#### [Task to complete]
The part below that opens with the line containing "نستلم الحالات الي بالصورة العلاج مجاناً" and closes with the line containing "30代女性のフェイスタイト Before 症例写真" should be copied exactly, minus any pictures.

#### [Supplied data]
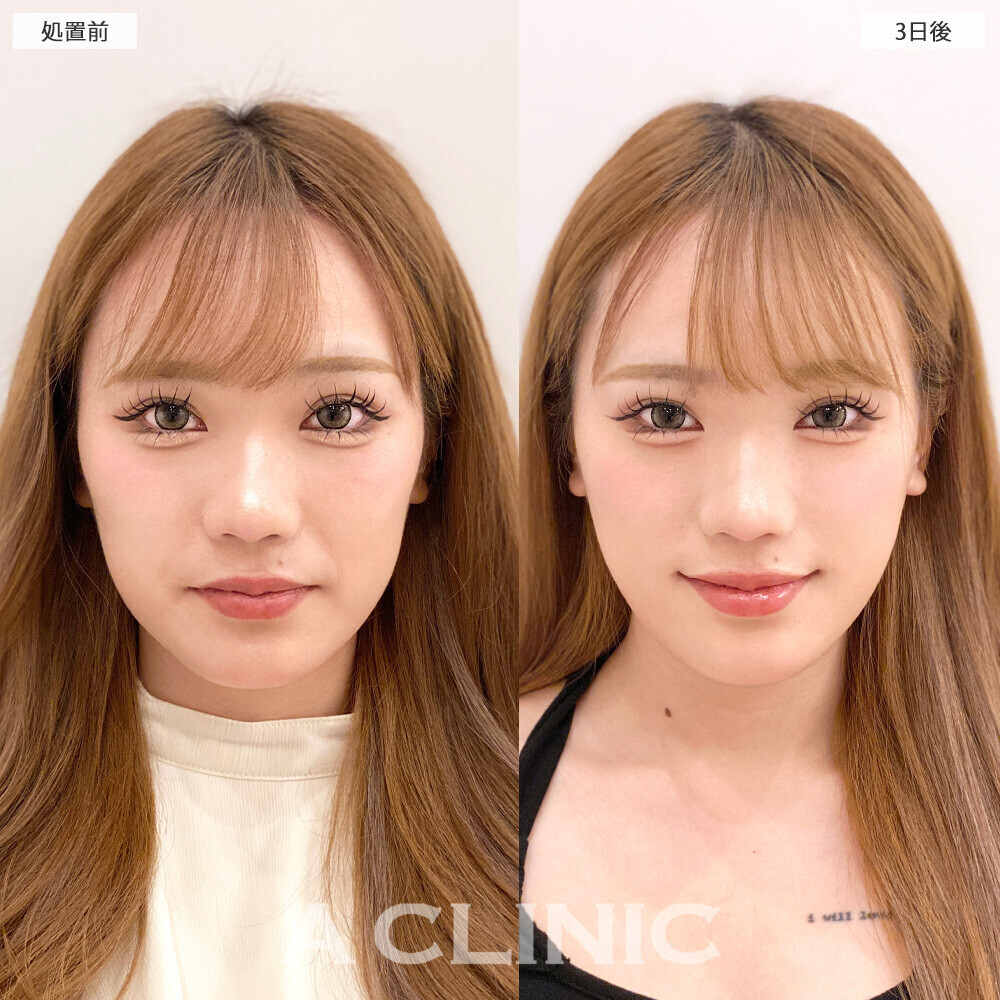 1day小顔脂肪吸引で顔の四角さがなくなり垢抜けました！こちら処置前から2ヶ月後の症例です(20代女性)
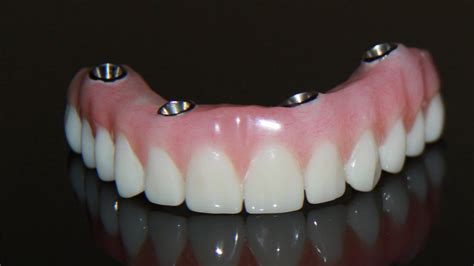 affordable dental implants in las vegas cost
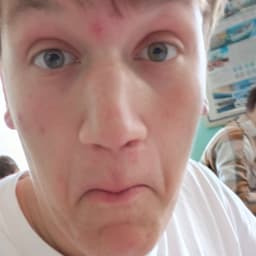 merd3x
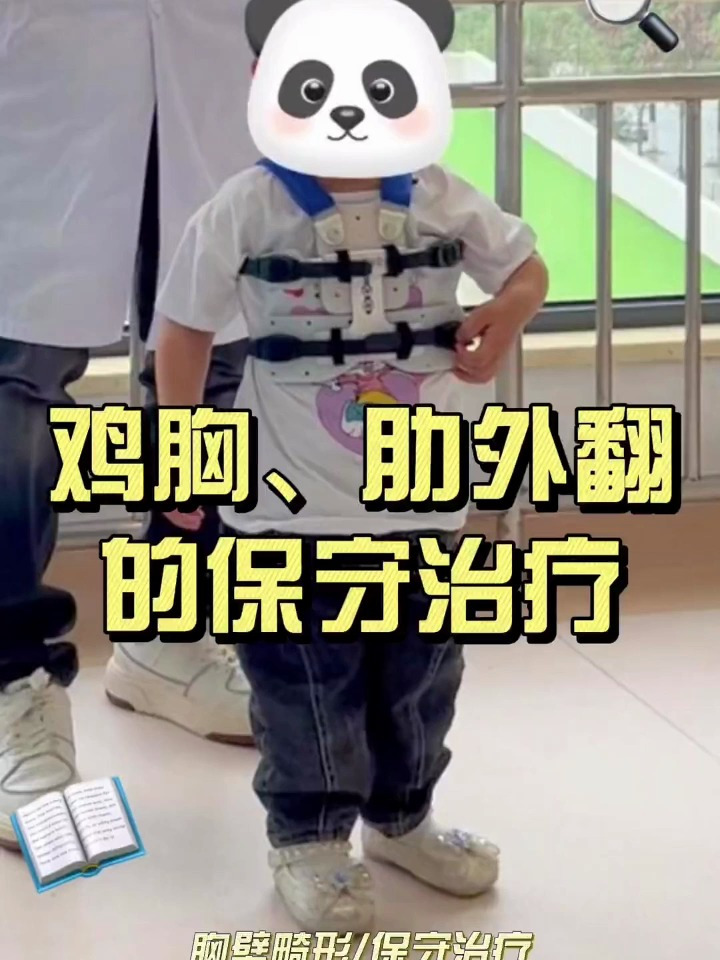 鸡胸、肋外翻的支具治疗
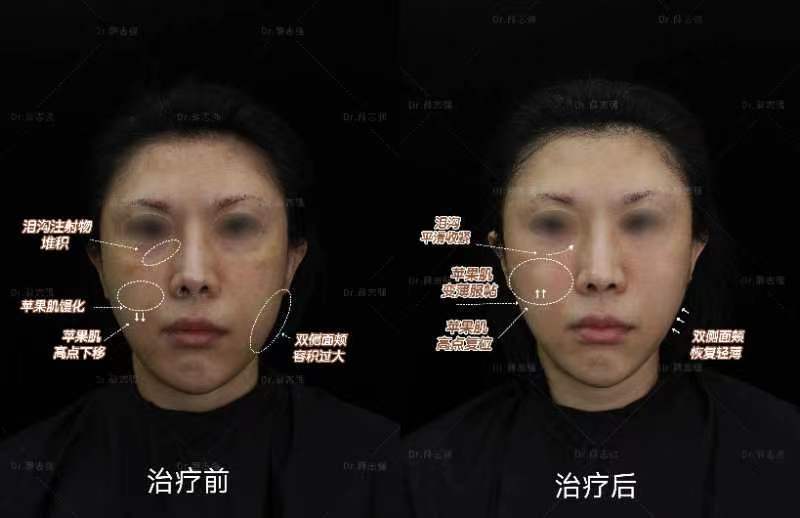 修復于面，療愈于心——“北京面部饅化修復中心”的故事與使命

---

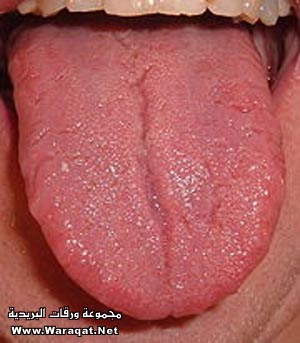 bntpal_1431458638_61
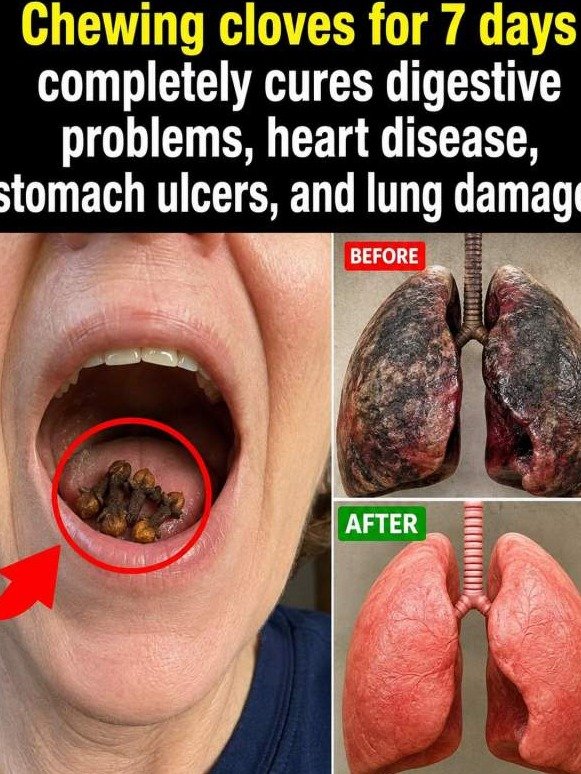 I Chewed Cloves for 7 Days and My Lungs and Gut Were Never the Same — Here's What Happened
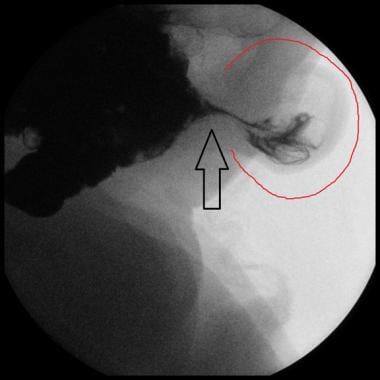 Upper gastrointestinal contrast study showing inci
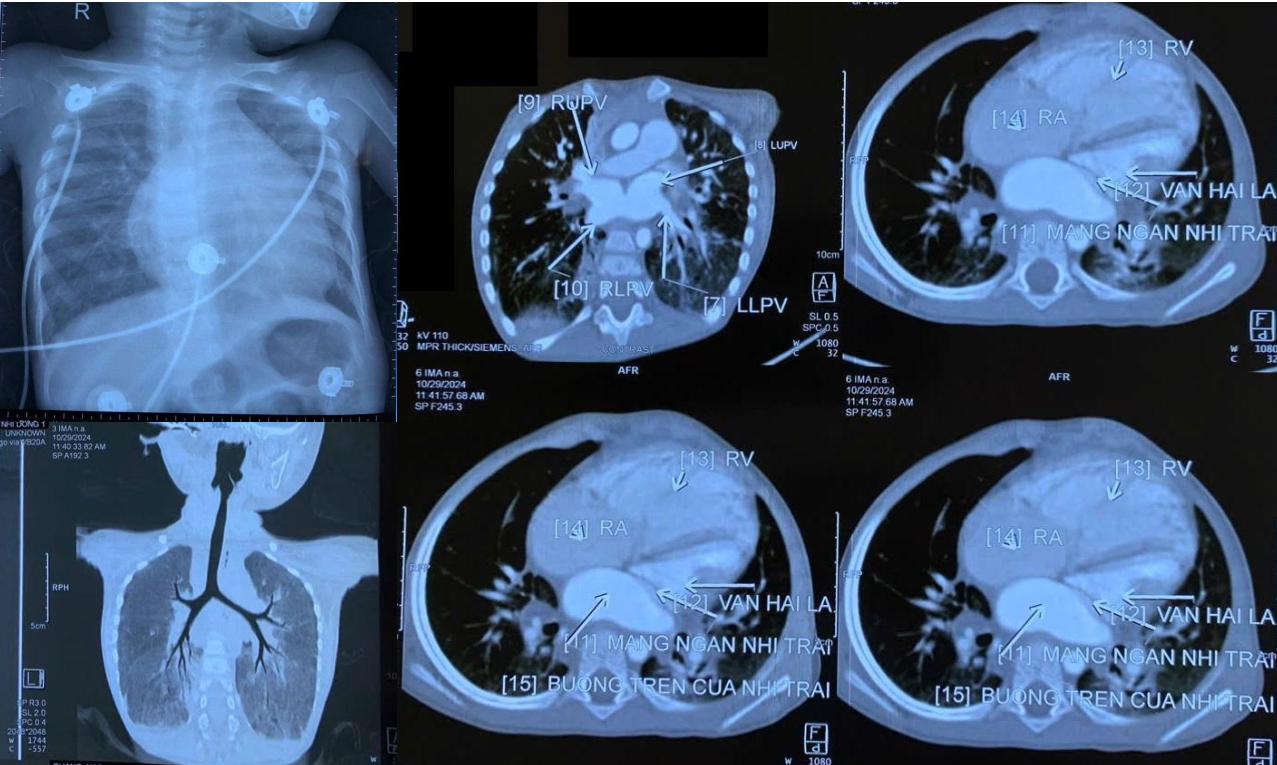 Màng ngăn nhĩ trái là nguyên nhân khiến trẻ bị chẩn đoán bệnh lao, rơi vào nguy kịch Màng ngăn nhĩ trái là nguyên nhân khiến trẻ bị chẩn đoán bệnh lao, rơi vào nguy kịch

* * *

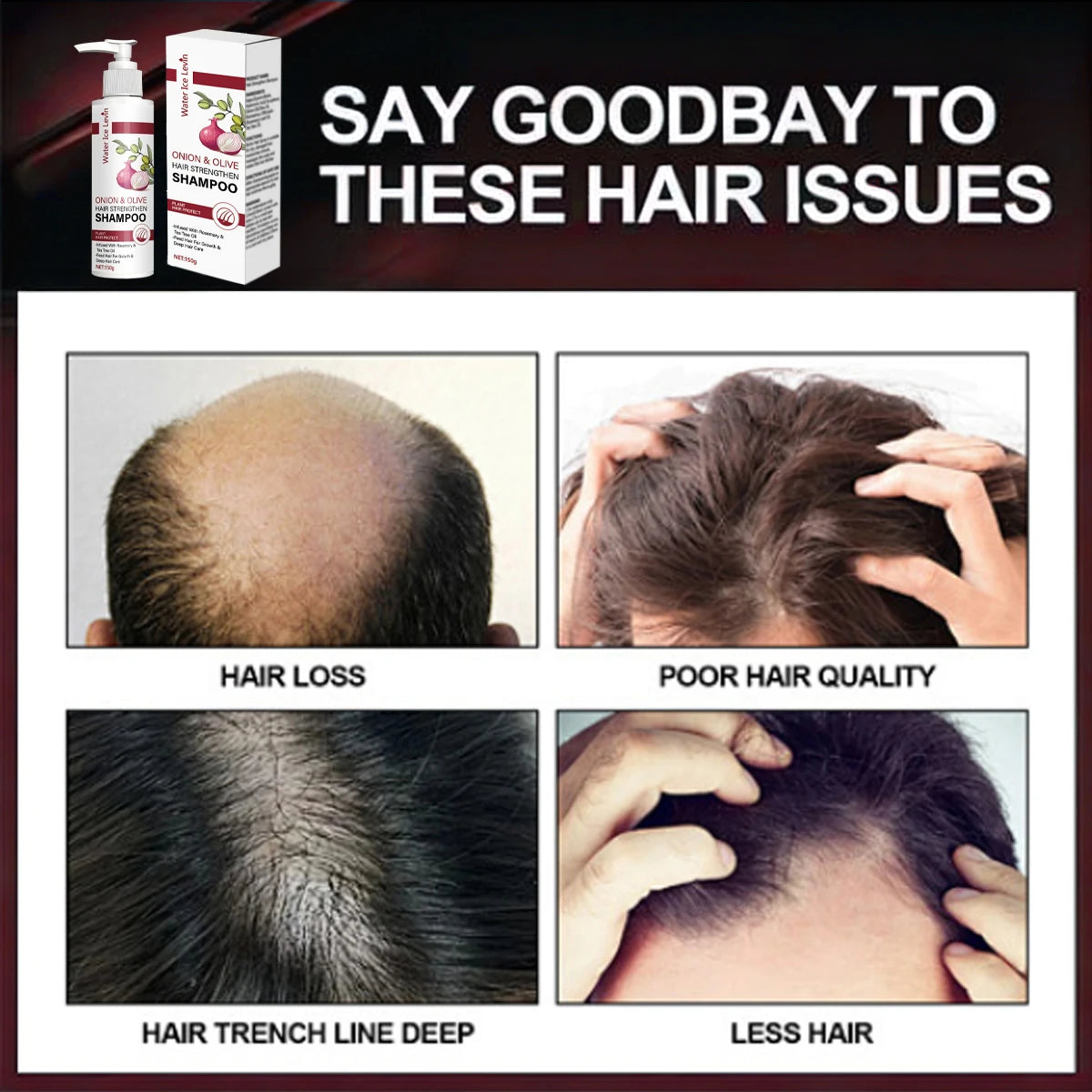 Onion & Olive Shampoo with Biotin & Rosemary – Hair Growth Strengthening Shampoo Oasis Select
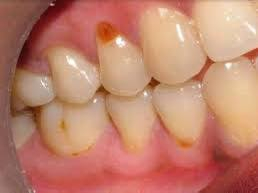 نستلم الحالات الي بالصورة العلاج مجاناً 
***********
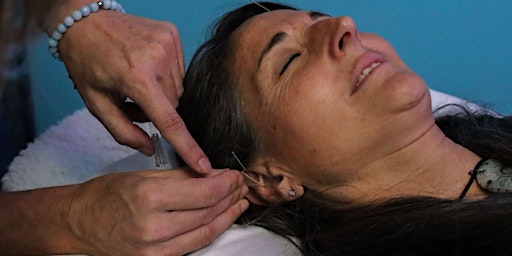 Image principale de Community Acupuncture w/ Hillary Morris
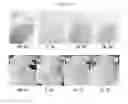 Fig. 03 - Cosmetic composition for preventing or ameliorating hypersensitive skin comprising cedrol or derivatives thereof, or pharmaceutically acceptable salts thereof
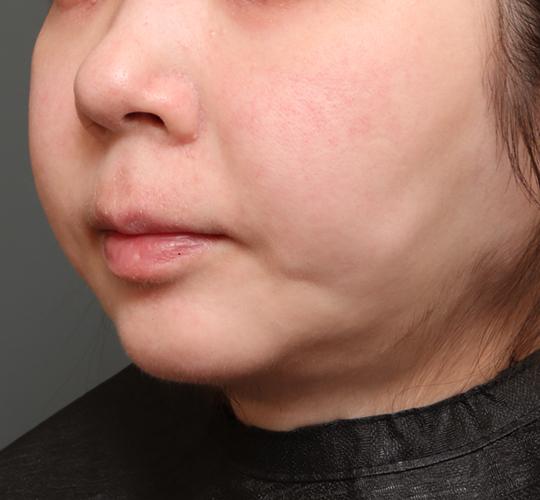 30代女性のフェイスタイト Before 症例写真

#### [Final answer]
 نستلم الحالات الي بالصورة العلاج مجاناً 
***********
 Image principale de Community Acupuncture w/ Hillary Morris
 Fig. 03 - Cosmetic composition for preventing or ameliorating hypersensitive skin comprising cedrol or derivatives thereof, or pharmaceutically acceptable salts thereof
 30代女性のフェイスタイト Before 症例写真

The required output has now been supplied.